Deeply strategic: The CTO must be strategic at the highest levels. This means they are able to articulate and debate the company’s strategy with the CEO and board members. The CTO must participate as an equal in board meetings in order to have a healthy dynamic within the company.

Passionate: If the Co-Founder does not have the Passion with a “do what it takes” attitude then they are a waste. Doesn’t matter how great they code, can manage, or build out the team. Too many times a Founder/CTO has a big ego and butts heads with the CEO because he lacks the passion and is not on the same page as the CEO.

Focused:A lot of CTO/Co-Founders are into advising other startups, still part of several other companies, or on the board as well. No way they can put in the 12-18hr days, 7 days a week to get the job done. Unless they are focused there is no way they can focus completely on the task at hand and be successful.

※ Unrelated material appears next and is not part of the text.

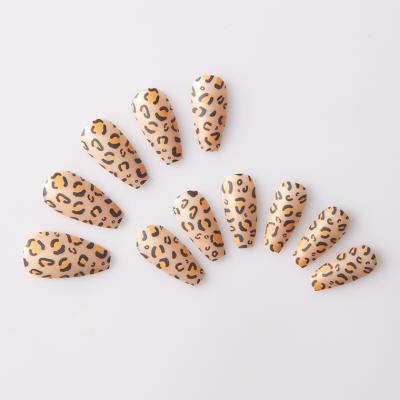 China Medium Design Designer Press On Nail Full Cover Coffin Manicure Accessories 28pcs False Nails for sale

Possess Integrity: Without integrity you have nothing. Sometimes the CTO/Co-Founder will be asked to do things the board or investors want done, only to come to market when the product is not ready. A savvy CTO/Co-Founder must have the integrity to be able to take control and let them know to back off, or that they’re not ready and it’s not going to work. Too many times CTO/Co-Founders are scared and don’t speak up even though they don’t believe in some important decisions like these.